A 15-618 Final Project by Ilaï Deutel and Denis Merigoux

Summary

We modified the OpenCV implementation of the KCF object tracking algorithm to use the NVIDIA GPUs of the GHC machines. Our 1.84x final speedup obtained on a fullHD video increased the number of FPS from 8.4 to 12.8.

Background

Tracking API

An object tracking algorithm takes as input a video seens as a sequence of frames, and an initial bounding box that indicates the object to track. The algorithm offers an interface consisting of two methods:

init(initial_frame,bounding_box) which sets up the algorithm data structures;
update(new_frame) which updates the position of the bounding box by identifying the position of the tracked object on the new_frame.

Key operations

The KCF algorithm (and the other tracking algorithm) use diverse statistical learning techniques to infer the new position of the tracked object. These techniques operate on matrices, which offer potential for parallelization. However, the KCF algortihm makes use of non-linear operations such as Fourier transform to compute kernels. Because the tracking algorithm sees only one frame at a time (as in a real-time use case), the parallelization axis concerns the number of pixels in a frame, which directly influences the dimensions of the matrices handled by the algorithm.

Workload decomposition

By examining the sequential implementation of the KCF tracker in OpenCV, we broke down the time spent in each phase of the algorithm. The longest and most computational-intensive phases are in bold; they involve mostly Discrete Fourier Transform and matrix multiplication.

Phase	Subtask	Time taken
Detection	Extract and pre-process the patch	3.102 ms
	Non-compressed custom descriptors	0.836 ms
	Compressed descriptors	30.993 ms
	Compressed custom descritors	13.752 ms
	Compress features and KRSL	37.745 ms
	Merge all features	7.548 ms
	Compute the gaussian kernel	144.494 ms
	Compute the FFT	15.714 ms
	Calculate filter response	22.792 ms
	Extract maximum response	0.959 ms
	Total	277.935 ms
Extracting patches	Update bounding box	0.000 ms
	Non-compressed descriptors	3.198 ms
	Non-compressed custom descriptors	0.831 ms
	Compressed descriptors	30.909 ms
	Compressed custom descriptors	13.755 ms
	Update training data	12.978 ms
	Total	61.196 ms
Feature compression	Update projection matrix	87.808 ms
	Compress	18.144 ms
	Merge all features	3.684 ms
	Total	108.924 ms
Least Squares Regression	Initialization	0.001 ms
	Calculate alphas	142.453 ms
	Compute FFT	15.592 ms
	Add a small value	1.930 ms
	New Alphaf	6.526 ms
	Update RLS model	4.539 ms
	Total	169.960 ms
	*Total time for a frame*	*625.019 ms*

The values are averaged over all the 189 frames of the test video.

Approach

Framework and starting code

Because the algorithm is very complex, we chose to modify the existing sequential KCF OpenCV implementation, rather than start from scratch. The choice of the OpenCV implementation has been made for several reasons:

the OpenCV framework is heavily optimized and the sequenial implementation of the algorithm in the framework is then a good sequential baseline;
the framework offers high-level bindings for CUDA specifically tailored for matrices operations;
our project is more usable as part of an OpenCV modules than if it was written using custom conventions and APIs;
OpenCV is very popular for image processing and speeding up one of its modules could benefit other people.
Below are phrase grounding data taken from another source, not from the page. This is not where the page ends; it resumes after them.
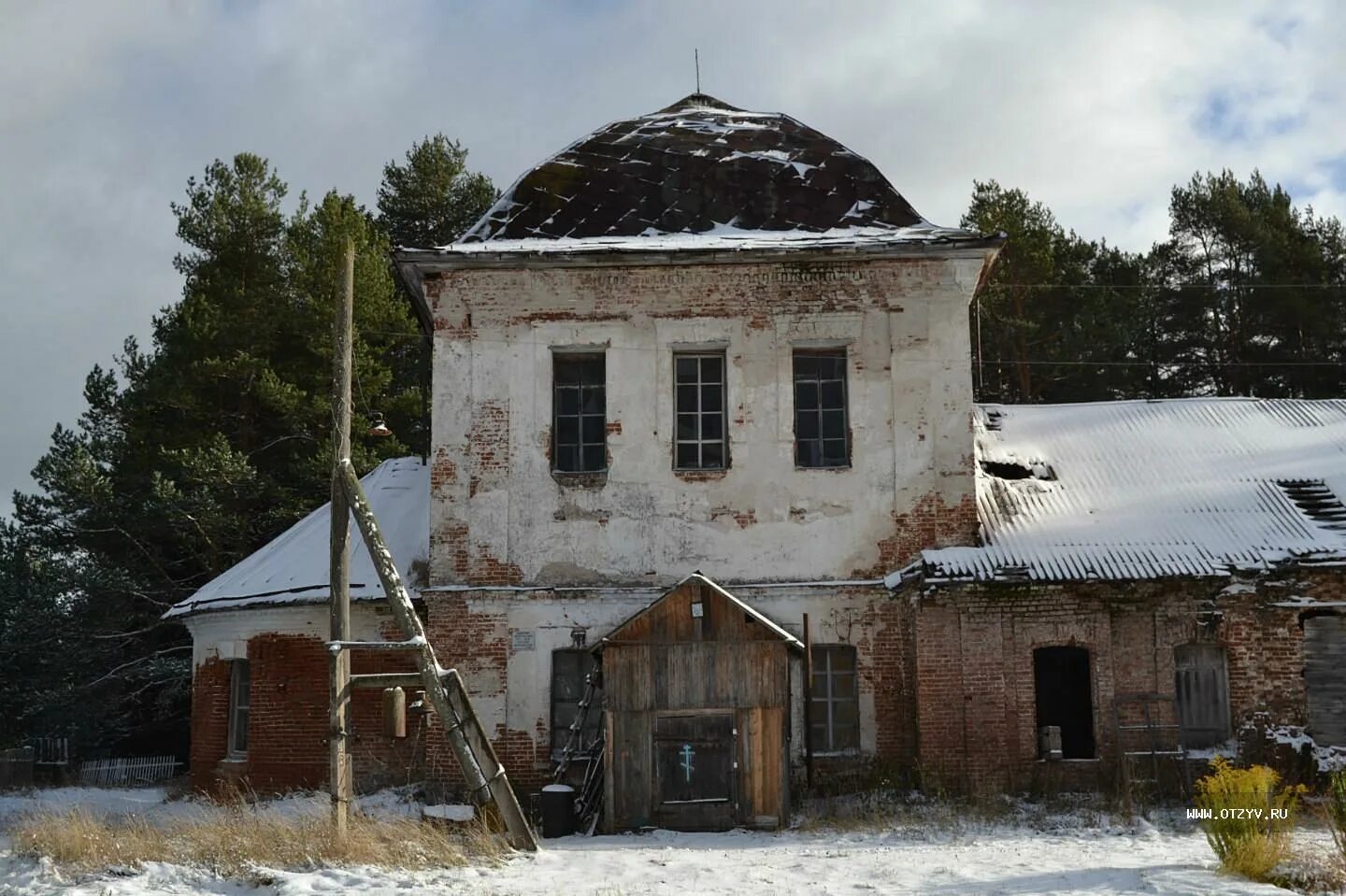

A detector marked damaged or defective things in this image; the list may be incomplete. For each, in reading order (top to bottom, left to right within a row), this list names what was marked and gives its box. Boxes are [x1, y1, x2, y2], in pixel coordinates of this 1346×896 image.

rusty metal dome roof [460, 93, 925, 242]
broken window pane [551, 349, 606, 473]
broken window pane [670, 352, 726, 470]
broken window pane [791, 349, 845, 468]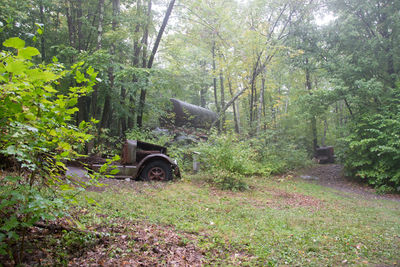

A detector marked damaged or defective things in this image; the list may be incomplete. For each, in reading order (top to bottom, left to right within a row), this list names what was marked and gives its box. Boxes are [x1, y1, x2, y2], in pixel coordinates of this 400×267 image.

rusted vehicle chassis [90, 140, 180, 182]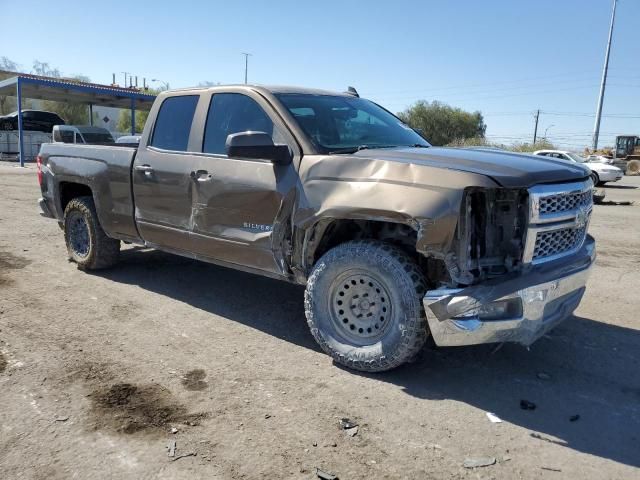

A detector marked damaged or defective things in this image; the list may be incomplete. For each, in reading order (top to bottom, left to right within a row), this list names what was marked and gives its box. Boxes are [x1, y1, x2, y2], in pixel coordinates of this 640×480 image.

dented hood [352, 146, 592, 188]
damaged front end [424, 180, 596, 344]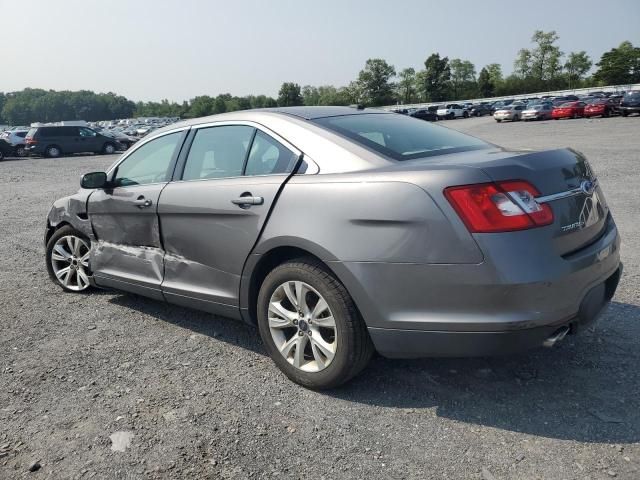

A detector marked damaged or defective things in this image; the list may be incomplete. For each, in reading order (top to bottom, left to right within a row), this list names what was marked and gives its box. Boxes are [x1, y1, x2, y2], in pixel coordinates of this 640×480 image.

Because of this choice, our work use C++ and CUDA, and targets the GHC machines to make use of the high-end NVIDIA GTX 1080. The OpenCV CUDA bindings take care of mapping most of the higher-level operations to the hardware warps.

Testing and profiling framework

Our first main task was to implement a custom profiling and correctness testing framework on top of the starting code to be able to constantly check if our parallel implementation yield exactly the same results as the baseline implementation. The profiling is done with cycle timer with average values over all frames and the correctness test checks for the coordinates of the updated bounding box after each iteration. They must be exactly the same (no approximation).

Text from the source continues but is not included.